単に簡便に持論を世界発信できる便利な電子空間としてしか
ネットを認識してないんじゃないのか、と。そして図書館界の方が
誰もその方の不用意なネットの使用法に気付いてないという脇の甘さも不安でしたね。
あるいは気づいてもたいした問題じゃないと思っていたのかもしれませんが。
東條 まあ、あんなのは放っておけばええんやけど、日図協からつながるというのは
不用意やね。
有川 ネットというのは便利ですが大変恐ろしい空間です。
便利さと同時にその恐ろしさを認識できない人は、使わない方が安全なんです。
今どき、問題になったその方よりも、うっかりすると中高生の方がその恐ろしさは熟知しています。

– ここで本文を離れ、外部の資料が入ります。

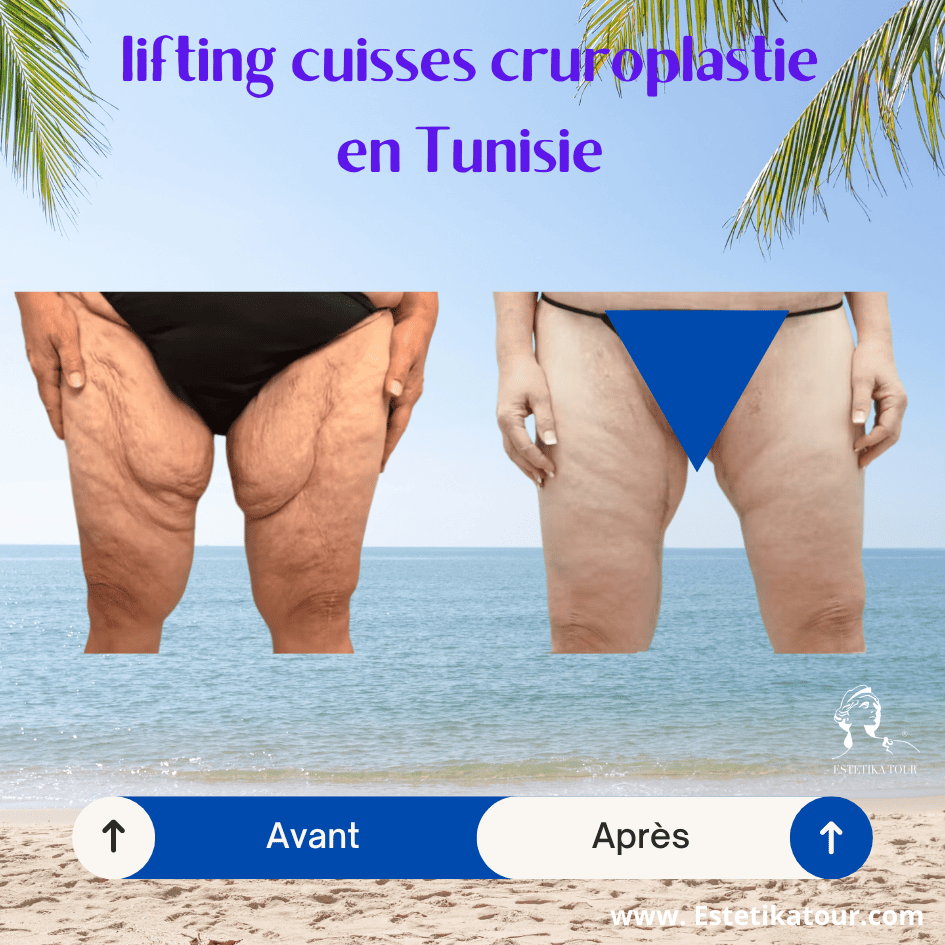 Lifting cuisses cruroplastie prix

ついでにもう一つ怖い話をしますが、その方は後に、『図書館雑誌』で
名前と所属大学明を明記して『図書館戦争』を批判する記事を発表されてたんですが、
私たちはその前にその方のお名前と所属大学、肩書き、持っている講義、
研究室のある校舎、通勤路線まで知っていました。
何も非合法な手段で知ったわけじゃない、その方が全部自分でブログに書いて
いるんですよ。ご自分はハンドルネームを使えば分らないと
思っていたのかもしれませんが、日図協で開示されている情報と
その方のブログを読み合わせると、誰でも個人が特定できてしまうほどに
安易にご自分の情報を垂れ流しておられた。しかも、ちょっと特定できすぎるほどに。
ネットの怖さを知っている人ならとても真似できません。
公職に就いておられる方としてはちょっと迂闊でしたね。
46 名前:ず・ぼん 有川インタビュー抜粋(4/4) 投稿日:2008/05/12(月) 22:30:48 ID:mcShHPpm
また、図書館界の方から勉強会に参加してほしい、というような申し込みは何度も
受けていましたが、これを受けられなかったのもこの問題が大きいです。
編集部も「そんな奴がいると分かっている世界に敢えて作家を
乗り込ませる訳にはいかない」と。
図書館界と私の交流は、ある意味この方一人のお陰でずっと阻まれてきたんです。
東條 いや知りませんでした。不愉快な思いをされていたんですね。
でも私どものインタビューは受けてくださった。感謝します。
有川 いえ。東條さんの本は参考にさせていただきましたし。
また、今年、図問研(図書館問題研究会)の全国大会への出席を打診されたんですね。
それで、この件のこともお話ししたんです。そしたら、日本図書館協会のほうにも
そのことを伝えていただいて、こちらで考えていた以上に具体的な対処を
していただけたんですね。日本図書館協会の方々に。
「例のブログでの避難はあくまで一個人の意見に過ぎず、
部会を代表する見解ではありません」という詫び状一枚ですんじゃうのかなと
思っていたら、問題点を一つ一つあげていただいて、それについて対処をしていただいた。
ですから、ああ、ここまでしてくださるんだったら、
私も図問研の方のお話をお受けするのが筋だろうと思いまして、
いま参加する方向で検討しています。
(この記事をまとめている段階ではすでに出席している)
東條 ネットでご自身の本について書かれたブログなどを検索されてるんですか?
有川 自分の本に関してはある程度は見てますね。
でもそのときは、むしろ図書館について調べているときだったので、
日図協のHPを閲覧しててそんな記事が出てきたので愕然としたという次第なんです。
もちろん、多くの図書館員の方々からは喜んでいただいて
とてもありがたかったんですけど。
有川センセお怒りのblog
> 図書館戦争
> 有川浩著『図書館戦争』(メディアワークス)を,
> 関係者の皆さんはもう読みましたか?
> ○○○○も,図書館関係者のはしくれとして,違和感を伴なって
> 一応読み終えました。
> いくつか問題点が残ります。
> 現実の図書館と変えているという設定についての言い訳や,
> 軍隊ごっこや恋愛ごっこに現を抜かす図書館員(?)たちの行動と言動,
> 不服な表情と叫ぶことしかしない主人公の単純直情的な性格は論ずる意味がありませんが,
> 図書館の自由に関する宣言(1979年改訂)の主文の4は,
> この小説に書かれた「図書館はすべての不当な検閲に反対する」ではなく,
> 「図書館はすべての検閲に反対する」です。これが著者の意図的なものなのかはわかりませんが,
> 不勉強によるものならば,失笑,噴飯ものです。
> また,検閲という言葉を安易に意味を履き違えて使っていることに違和感を感じています。
> 近未来小説なので,現実と違うという言い訳に,仕方なく納得しなければなりませんが,
> もう少し図書館の本質を突くような内容を期待していました。
> 真面目に努力している図書館職員をおちょくるような小説は,今回だけにしてほしいですね。